For me, I want to hear songs I like (4 and 5 star) more often, so when I hear an unrated song I like I’m more likely to rate that songs. For songs that are ok, I’ll eventually rate them 3 stars. Songs I really don’t care for get the 1 star. Since I imported all of my mp3’s with no rankings I’ve got a mountain of unrated songs. Perhaps this is the wildcard: once I get the majority of my songs rated perhaps they will fall into a bell curve, but I am doubtful of this because of my tendency to get rid of songs/albums/artists I don’t like. i.e. If I can’t rate a single song on an album over 1 or 2 stars, then why bother keeping it?

But that’s just me.

Randomness

The MAA website is constant source of interesting bits of information. Today while reading Ivar’s new column I saw a link to an older article called Random Home Runs where he discusses the topic of "Do baseball hitters have streaks?". I highly recommend the article, its very enlightening.

Tags: Statistics

Statistics in the news

Today while looking at the Mathematical Association of America website (they have really great columns there every month) I saw this article article by Keith Devlin where he talks about some statistics that were reported in a newspaper. His point is that if they are read wrong, statistics can be used to mislead people in a big way. I really wish more people would read articles like this, that way when confronted with newspaper articles reporting a 95% increase in <insert bad thing here> they will be able to look objectively at the numbers and decide if what is being reported is probable or if it is meant to scare.

A lot of people don’t realize that just because something is possible, it does not mean it is probable.

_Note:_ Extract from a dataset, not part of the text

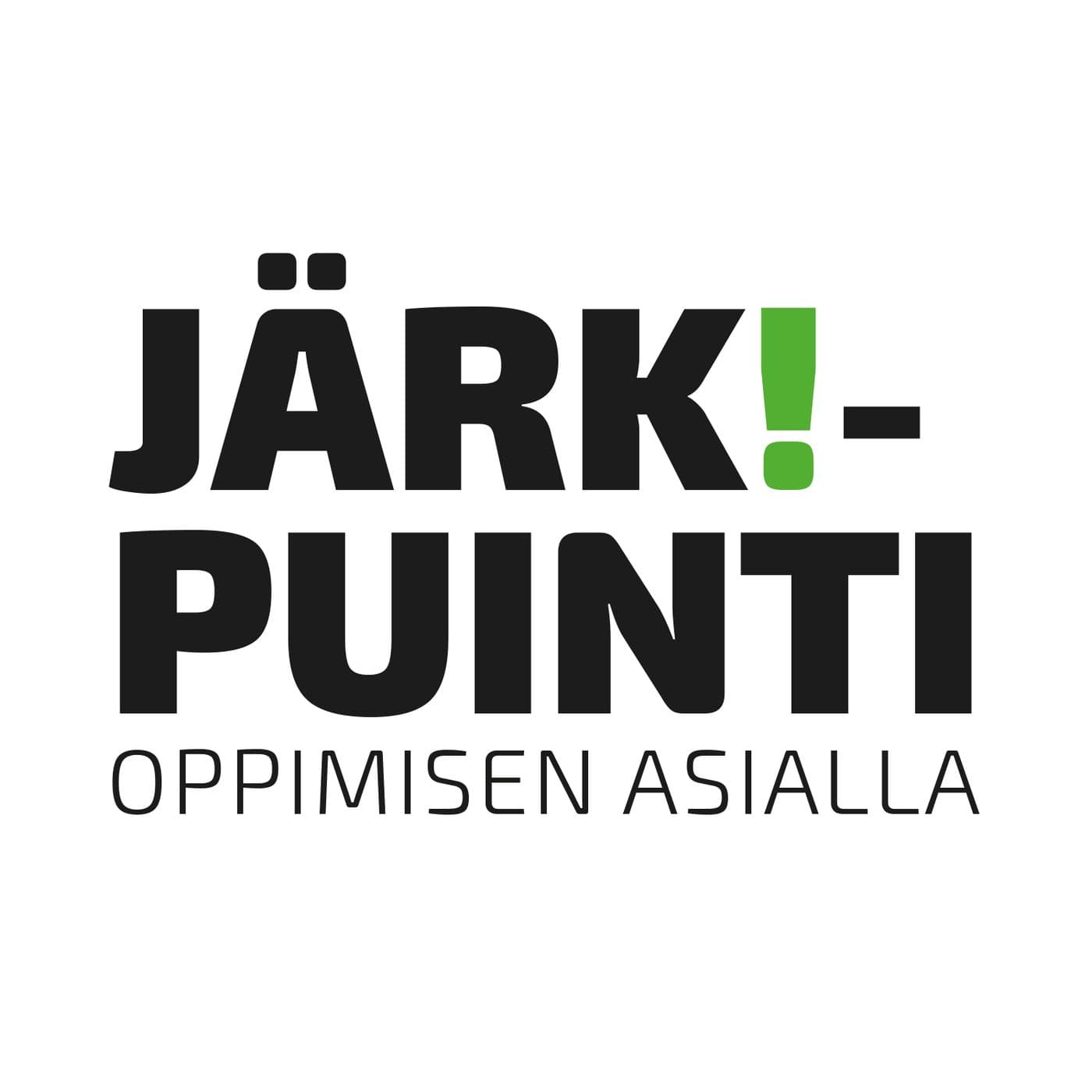 Järkipuinti - Oppimisen asialla - Podcasts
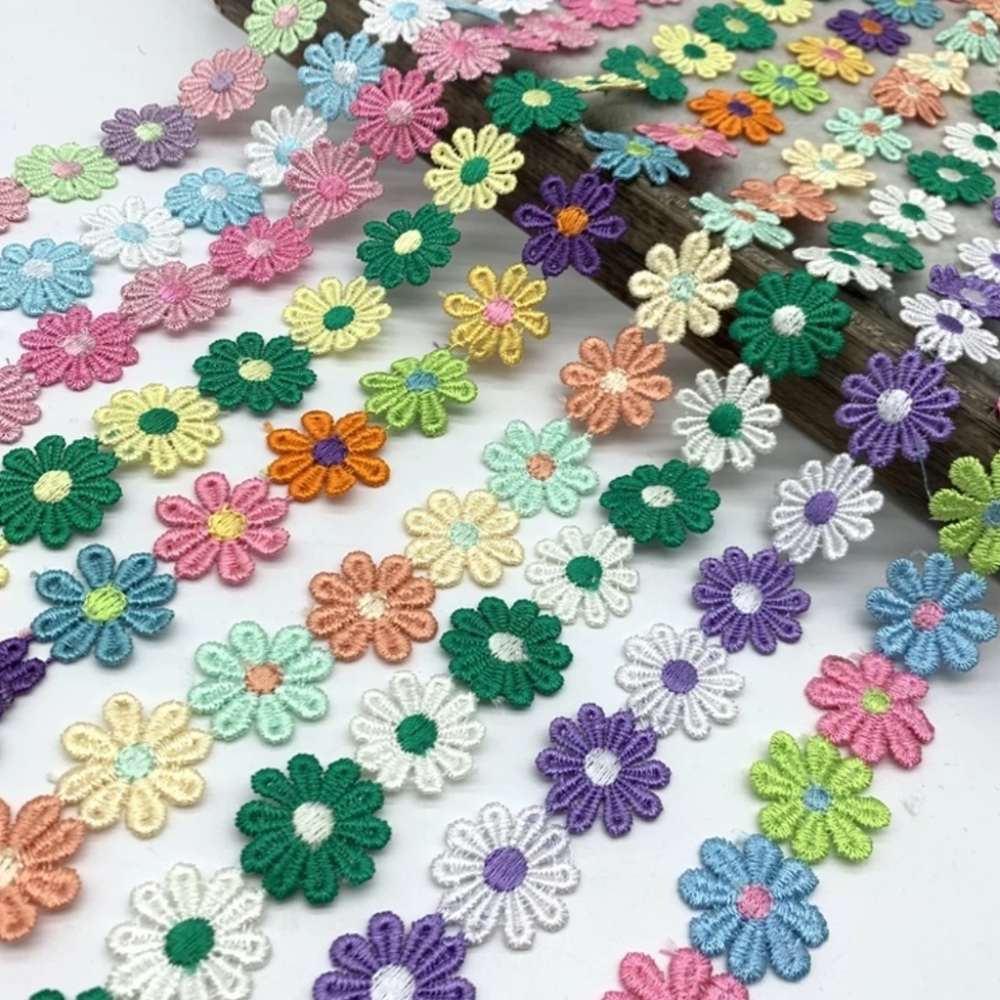 1YD DAISY ROPE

Tags: probability, possibility, stats

Baseball and probability

Today while I was checking out the MAA columns I came across a very interesting article about Statistics and Baseball. It turns out there is this book called Moneyball that talks about how the Oakland A’s used statistical analysis to look at players in a new light. By doing this it allowed them to leverage their small budget (compared to other teams) to acquire players that didn’t fit the mold of “superstar baseball players”.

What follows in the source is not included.